I recommend using foil cupcake liners rather than paper ones because the foil is a lot sturdier. I used both foil and paper and hated my life when I was filling the paper liners with chocolate. But if paper is all you can find then go for it, but use two per candy.
If your liners become misshapen while you’re filling them, place a baking sheet over the top of your muffin tin when you freeze your cups the first time. This will shove the liners all the way to the bottom of the muffin cups, which will help them retain their shape. (Did that last sentence make any sense at all?)
But misshapen or not your coconut peanut butter cups with be delicious. I promise!

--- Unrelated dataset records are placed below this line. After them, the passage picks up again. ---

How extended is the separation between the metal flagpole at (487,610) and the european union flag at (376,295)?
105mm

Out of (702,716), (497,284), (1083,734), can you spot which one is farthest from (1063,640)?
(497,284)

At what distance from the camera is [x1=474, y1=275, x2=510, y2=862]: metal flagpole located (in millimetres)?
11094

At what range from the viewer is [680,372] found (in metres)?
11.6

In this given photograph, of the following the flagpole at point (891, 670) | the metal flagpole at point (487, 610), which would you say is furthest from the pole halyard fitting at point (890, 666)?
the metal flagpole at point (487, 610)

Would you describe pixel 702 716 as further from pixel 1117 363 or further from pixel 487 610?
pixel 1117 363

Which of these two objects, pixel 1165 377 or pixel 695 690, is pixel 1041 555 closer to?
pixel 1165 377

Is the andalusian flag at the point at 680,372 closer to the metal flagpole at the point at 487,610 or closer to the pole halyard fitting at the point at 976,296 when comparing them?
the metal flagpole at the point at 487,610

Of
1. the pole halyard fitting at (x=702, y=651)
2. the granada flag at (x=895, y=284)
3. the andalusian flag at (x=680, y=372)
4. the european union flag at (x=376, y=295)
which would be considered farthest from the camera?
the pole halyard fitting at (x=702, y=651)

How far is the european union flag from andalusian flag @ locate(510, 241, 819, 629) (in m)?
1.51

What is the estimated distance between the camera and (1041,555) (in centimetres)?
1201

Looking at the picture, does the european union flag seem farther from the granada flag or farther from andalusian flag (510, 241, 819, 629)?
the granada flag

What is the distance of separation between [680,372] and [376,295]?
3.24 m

- 2/3 cup creamy peanut butter
- 1/2 cup coconut butter*, mixed well
- 2 tablespoons powdered sugar
- 3/4 teaspoon coconut extract
- 1/8 teaspoon salt
- 2 1/2 cups chocolate chips
- Combine peanut butter and coconut butter in a microwave-safe mixing bowl. Heat until liquid, about 20 seconds. Stir well to combine. Sift in powdered sugar and mix well. Stir in coconut extract and salt. Set aside.
- Place chocolate chips in a microwave-safe bowl and heat in 30-second intervals, stirring after each interval, until smooth.

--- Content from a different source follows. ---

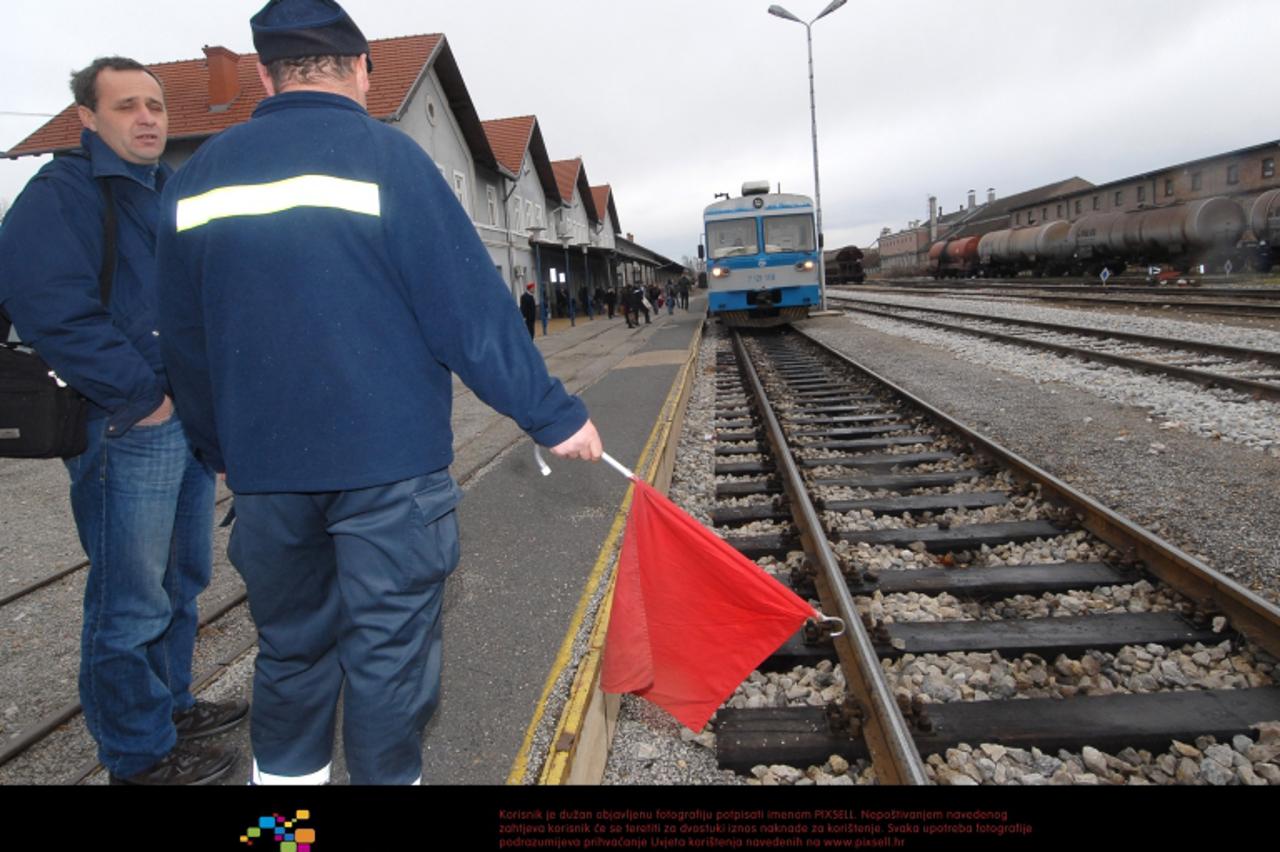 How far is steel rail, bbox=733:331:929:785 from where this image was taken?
2.27 metres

- Place 16 mini muffin cups into a mini muffin tin. Spoon about 1 1/2 teaspoons of melted chocolate into each one, using your finger or the back of a small spoon to spread chocolate up the sides of the cups. You want the sides to be fairly thick or the chocolate will crumble when you try to unwrap your candies. Freeze for 10 minutes.
- Place the filling mixture into a zip-top bag and snip of one of the bottom corners. Squeeze filling into frozen chocolate cups, filling about 3/4 of the way full. Freeze for 30 minutes, until filling is frozen solid.
- Remove from freezer and top each cup with more melted chocolate. You will probably have to re-melt your chocolate chips. Freeze for 10 minutes more and serve.
- Be sure you use coconut butter, not coconut oil. They are very different things. Coconut butter is also known as coconut manna (and is known, in my apartment, as pure decadence). Take care to heat your coconut butter enough that you're able to mix it completely before using it.